= Dataset records =
== Segment start ==

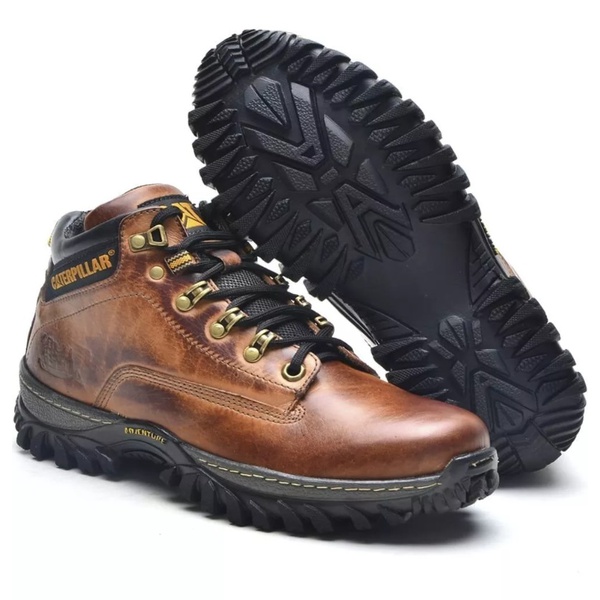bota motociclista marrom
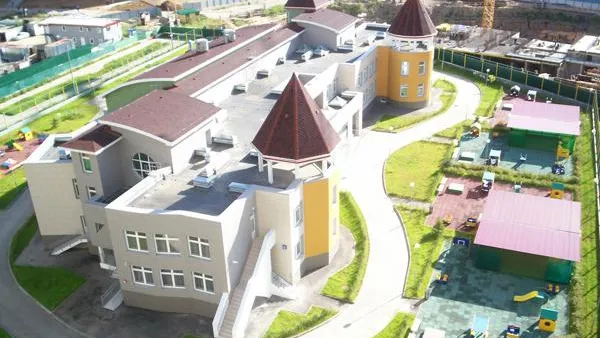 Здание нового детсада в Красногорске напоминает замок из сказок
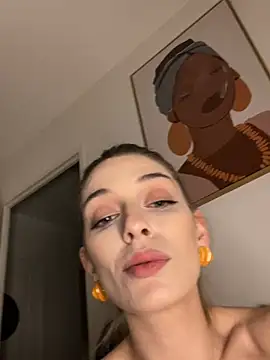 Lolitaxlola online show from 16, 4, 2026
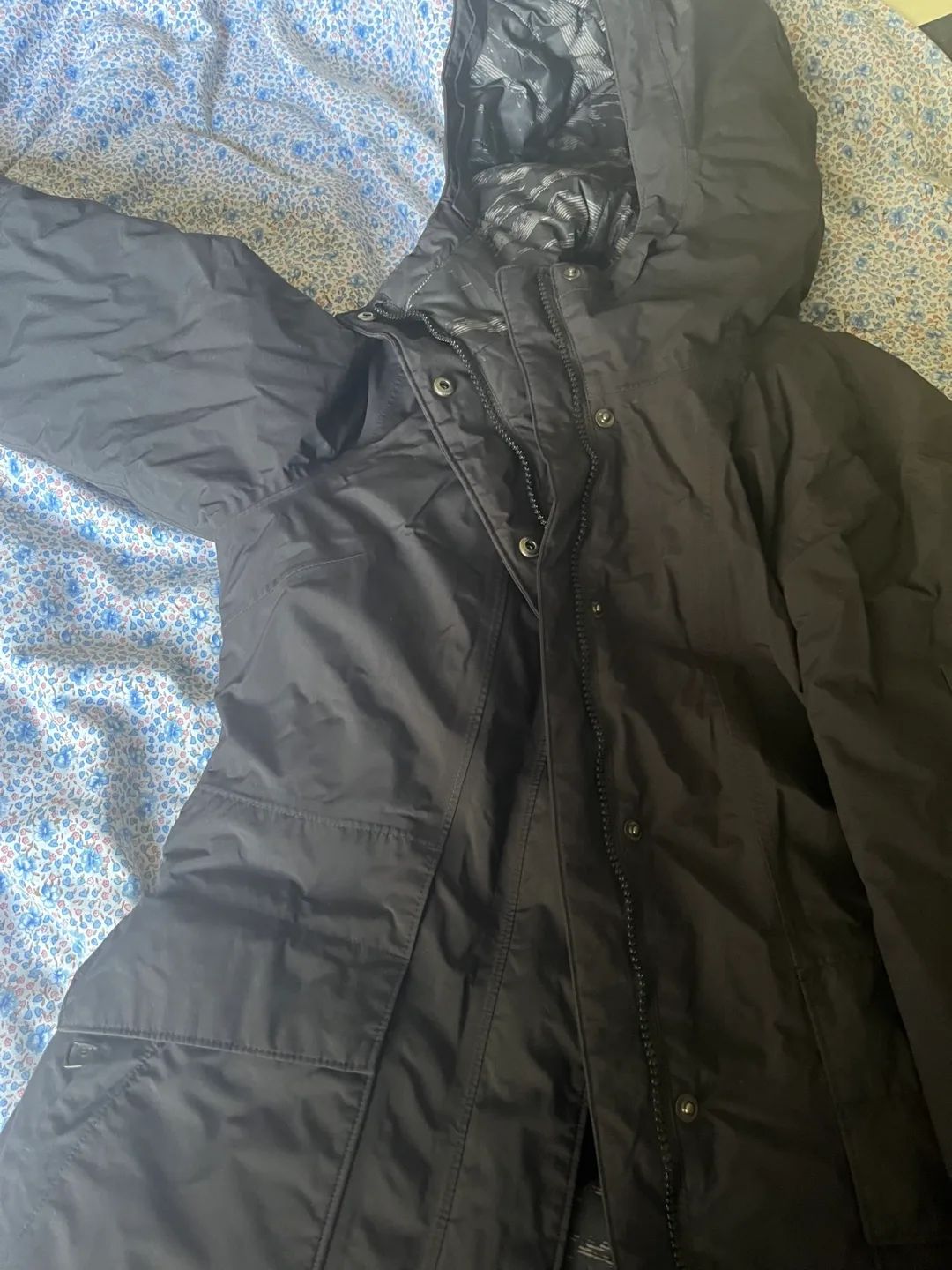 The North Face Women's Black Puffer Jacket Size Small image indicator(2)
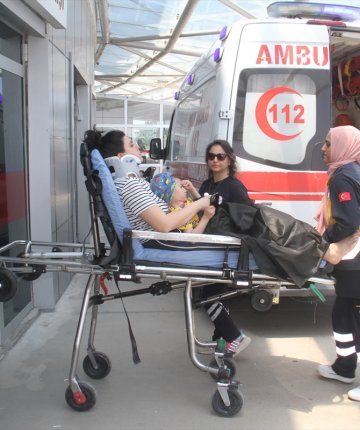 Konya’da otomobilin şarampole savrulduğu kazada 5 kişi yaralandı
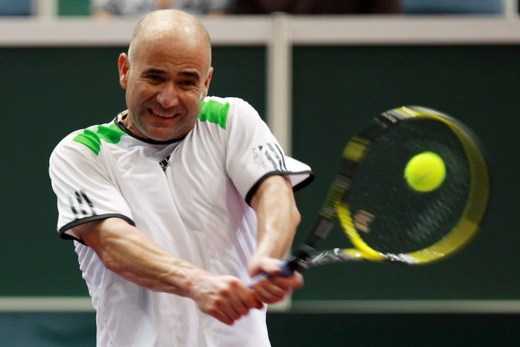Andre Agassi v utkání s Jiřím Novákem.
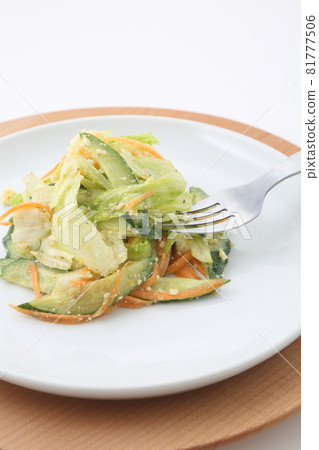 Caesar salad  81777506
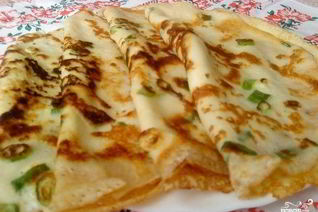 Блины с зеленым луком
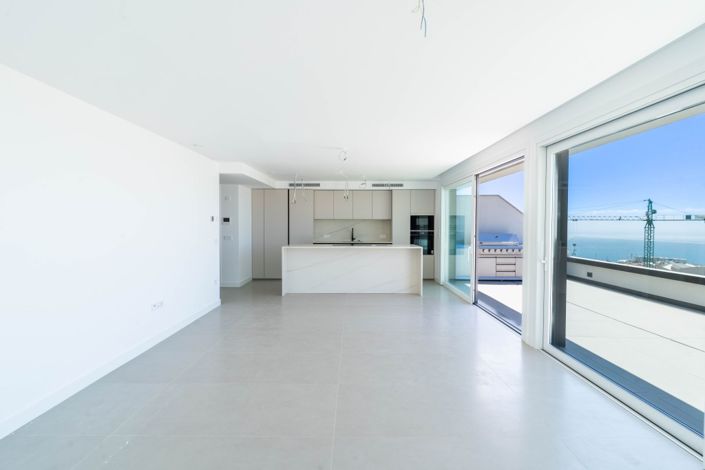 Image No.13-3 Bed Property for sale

== Segment end ==
== Segment start ==

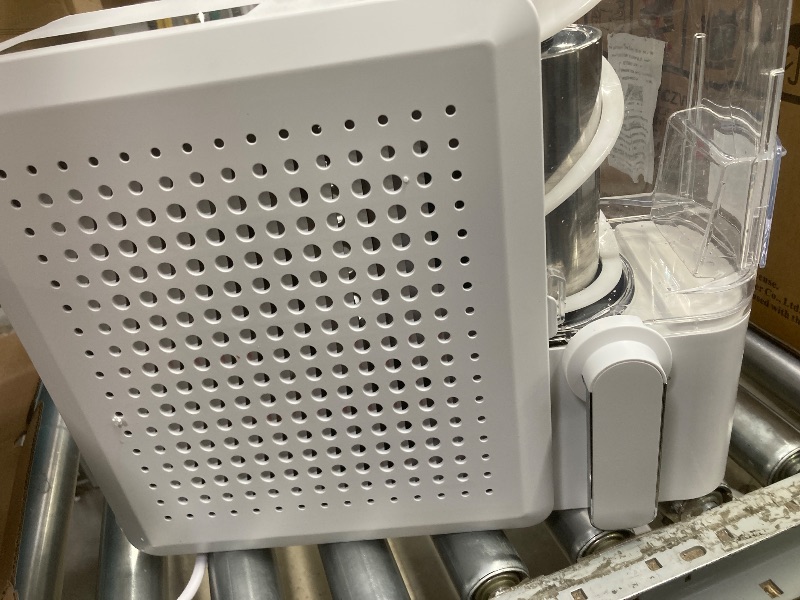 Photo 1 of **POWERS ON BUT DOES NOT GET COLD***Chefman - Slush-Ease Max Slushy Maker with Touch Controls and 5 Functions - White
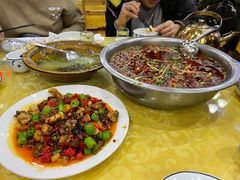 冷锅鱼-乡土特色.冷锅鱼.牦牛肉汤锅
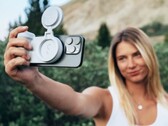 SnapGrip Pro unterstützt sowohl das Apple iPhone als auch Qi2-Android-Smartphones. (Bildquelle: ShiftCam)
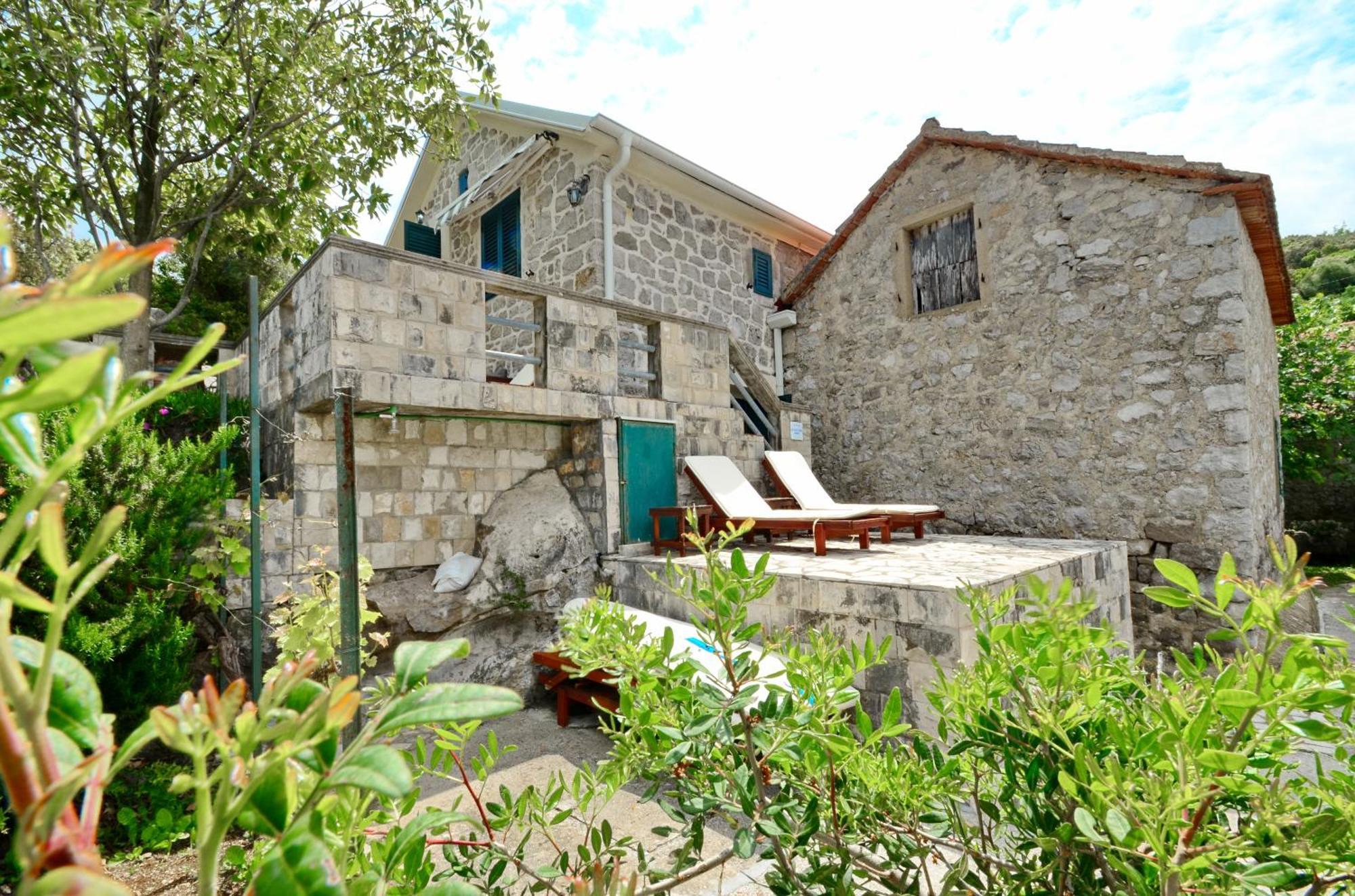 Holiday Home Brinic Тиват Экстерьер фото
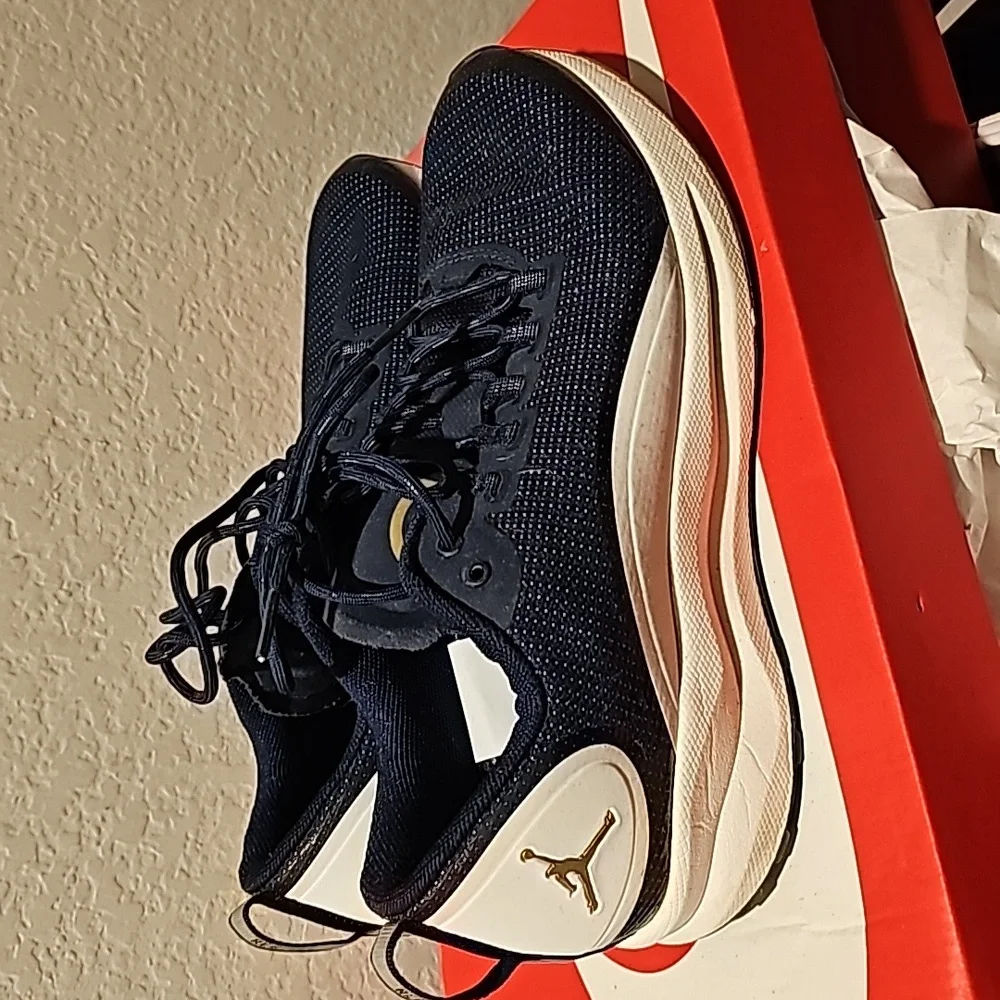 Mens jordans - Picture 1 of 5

== Segment end ==
== Segment start ==

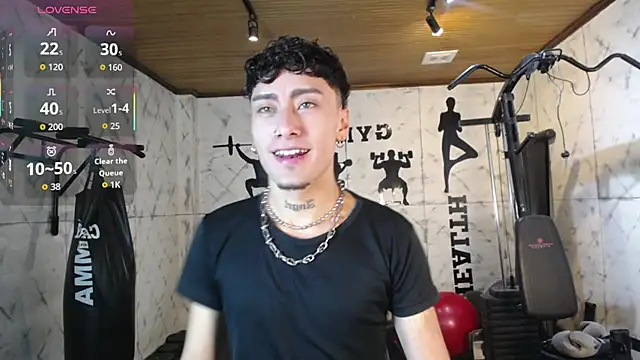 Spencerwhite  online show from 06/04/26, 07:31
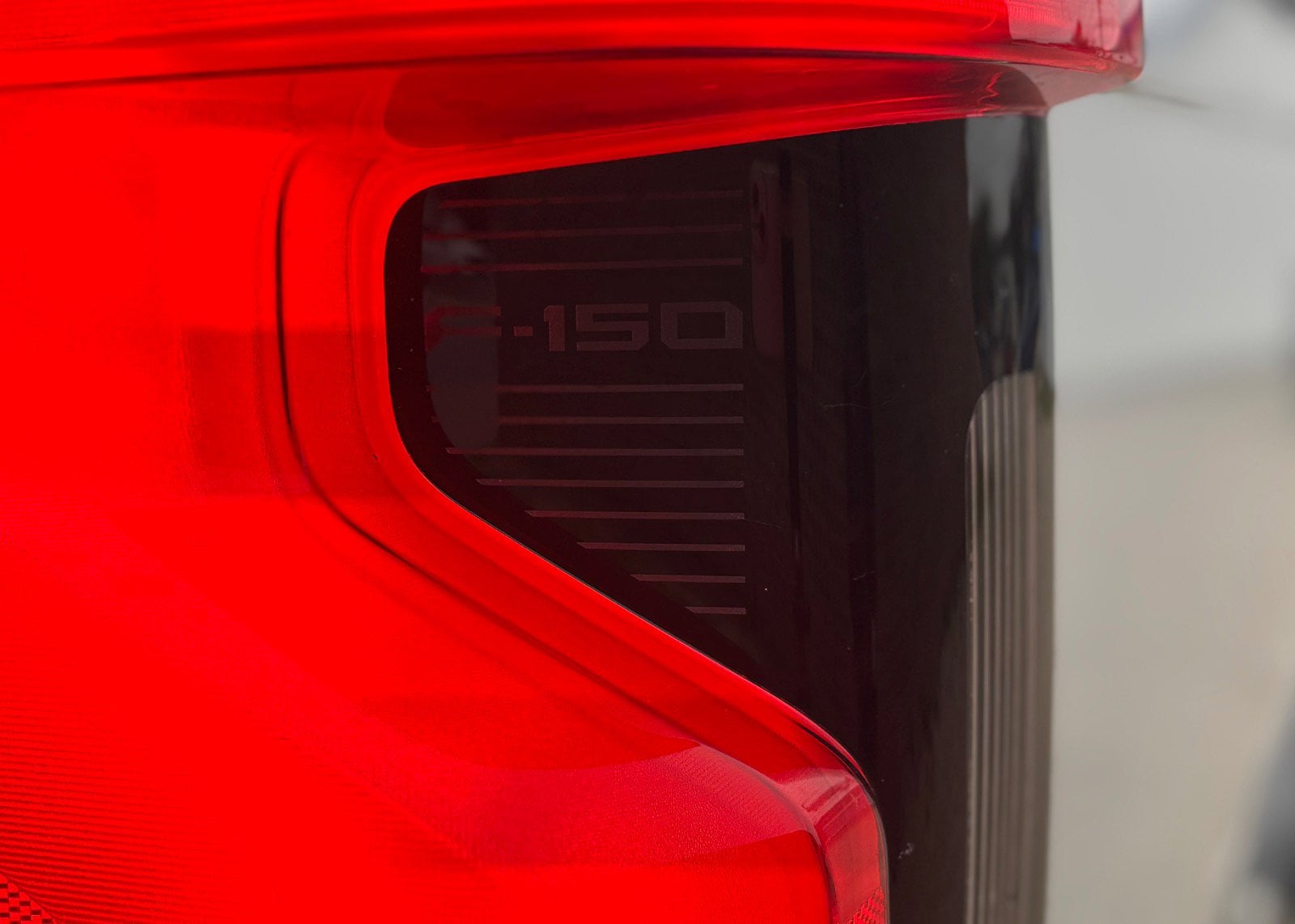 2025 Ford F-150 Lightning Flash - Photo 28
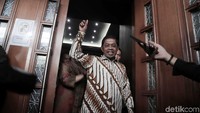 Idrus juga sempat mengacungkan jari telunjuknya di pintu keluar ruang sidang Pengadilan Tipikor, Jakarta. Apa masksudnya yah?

== Segment end ==

= What you should do =
What lines above run from the one with "Konya’da otomobilin şarampole" to the one with "Image No.13-3 Bed Property for sale"? Give them again exactly, ends included, and leave the pictures out.

= Written solution =
 Konya’da otomobilin şarampole savrulduğu kazada 5 kişi yaralandı
Andre Agassi v utkání s Jiřím Novákem.
 Caesar salad  81777506
 Блины с зеленым луком
 Image No.13-3 Bed Property for sale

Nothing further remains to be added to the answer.